Post by Salem6 on Dec 12, 2003 14:04:25 GMT
Today is Friday, Dec. 12, the 346th day of 2003. There are 19 days left in the year.
Highlights in history on this date:
1574 - Murad III succeeds as Sultan of Turkey on death of Selim II.
1642 - Dutch navigator Abel Tasman discovers New Zealand.
1677 - Brandenburg's Frederick William I takes Stettin, Poland; Denmark's King Christian V is defeated by Swedish force at Cassel, Germany.
1742 - French forces evacuate Prague, Czechoslovakia, and return to France.
1800 - Washington DC is established as the capital of the United States.
1804 - Spain declares war on Britain.
1845 - Martin West takes office as first Lieutenant-Governor with responsibility for administrating Natal as a district of the Cape Colony.
1870 - Joseph H Rainey of South Carolina takes his seat in the US House of Representatives, becoming the first black congressman.
1875 - Sultan of Turkey promises reforms throughout Ottoman Empire to meet rebel demands.
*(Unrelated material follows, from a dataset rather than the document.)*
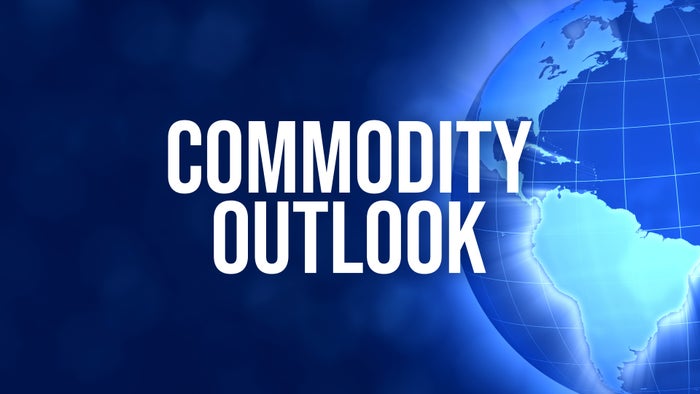 Commodity Outlook on JioTV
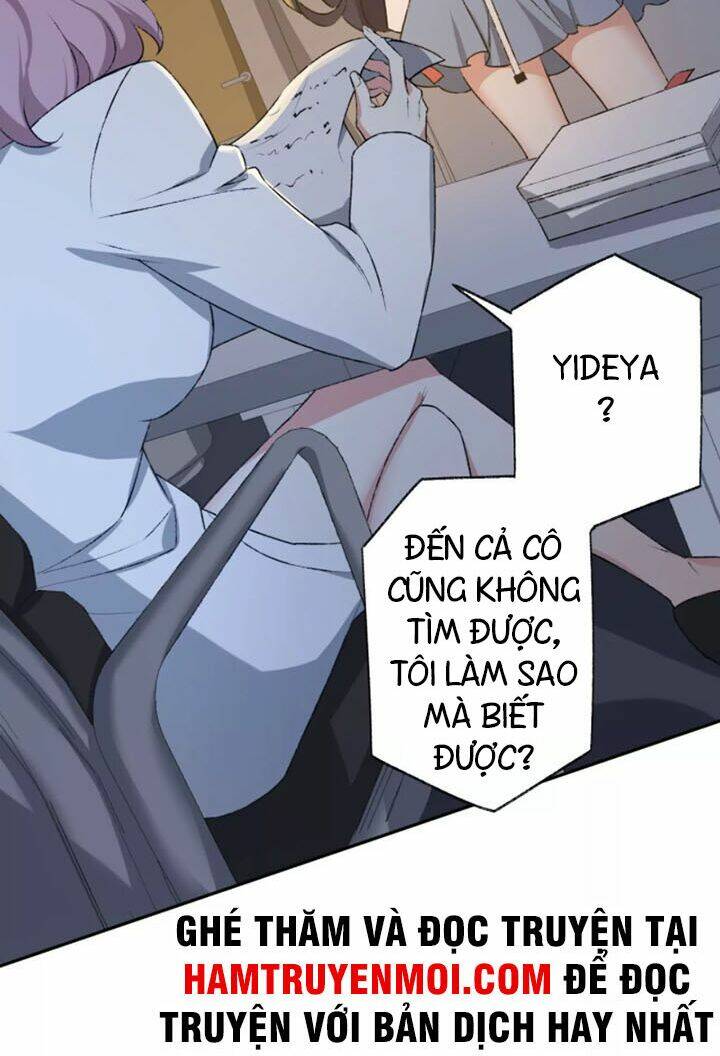 Thời Kỳ Tận Thế - Chapter 49 - Page 3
1887 - Turkey appeals to Western powers to mediate its war with Russia.
1894 - Japanese troops invade Korea.
1899 - African American George Grant receives the first patent for a golf tee.
1905 - Russia's Czar Nicholas II grants constitution in Montenegro.
1913 - The Mona Lisa is recovered in Italy. It was stolen two years earlier from the Louvre museum in Paris.
1917 - Father Edward Flanagan founds Boys Town outside Omaha, Nebraska, which offers a home for abandoned and adrift boys.
1920 - Martial law is declared in Cork, Ireland.
1925 - The first motel - the "Motel Inn" - opens in San Luis Obispo, California.
1935 - Nationalists demand restitution of Egypt's Constitution of 1923.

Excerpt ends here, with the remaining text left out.